• _TASK DETAILS_: Skip every picture, then write out exactly the lines of the listing below from the line that contains "McFarlane DC Retro" through the final line.

• _SUPPLIED MATERIAL_:
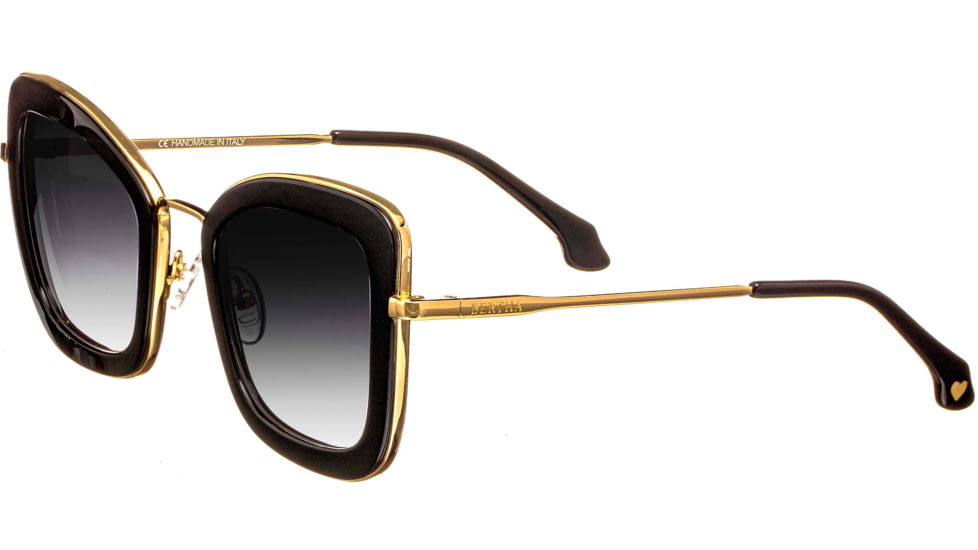 Bertha Delphine Handmade in Italy Sunglass - Womens, Black, One Size, BRSIT108-1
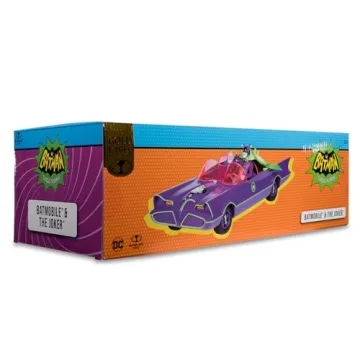 McFarlane DC Retro Batmobile & The Joker Set - Exclusive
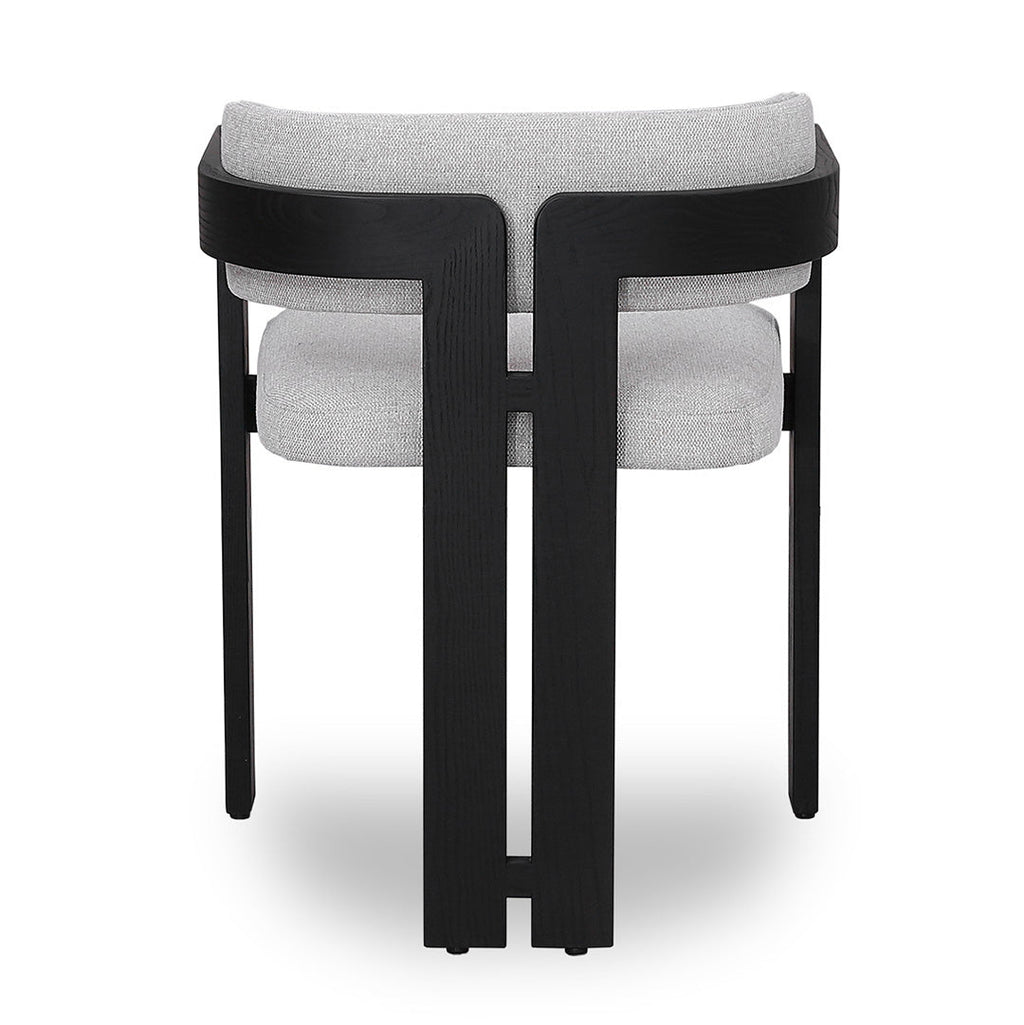 Black Verona Dining Chair - Stone Beige (Set of 2)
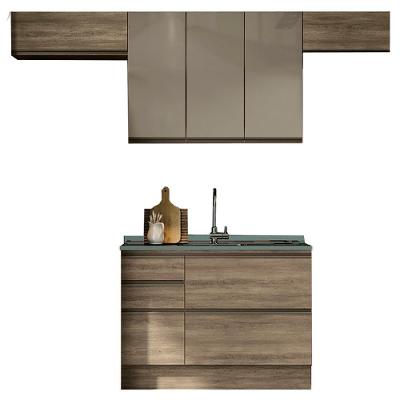 Cozinha Modulada 4 Pecas 260 Cm Mdp Maxxi Nogal Kappesberg Nogal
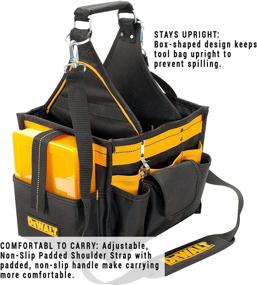 img 1 attached to Durable DEWALT DG5582 Electrical and Maintenance Tool Carrier: Perfect for Organized Storage and Easy Access to Tools with Parts Tray - 11 Inches, 23 Pockets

• _RESPONSE BOX_:
 McFarlane DC Retro Batmobile & The Joker Set - Exclusive
 Black Verona Dining Chair - Stone Beige (Set of 2)
 Cozinha Modulada 4 Pecas 260 Cm Mdp Maxxi Nogal Kappesberg Nogal
 img 1 attached to Durable DEWALT DG5582 Electrical and Maintenance Tool Carrier: Perfect for Organized Storage and Easy Access to Tools with Parts Tray - 11 Inches, 23 Pockets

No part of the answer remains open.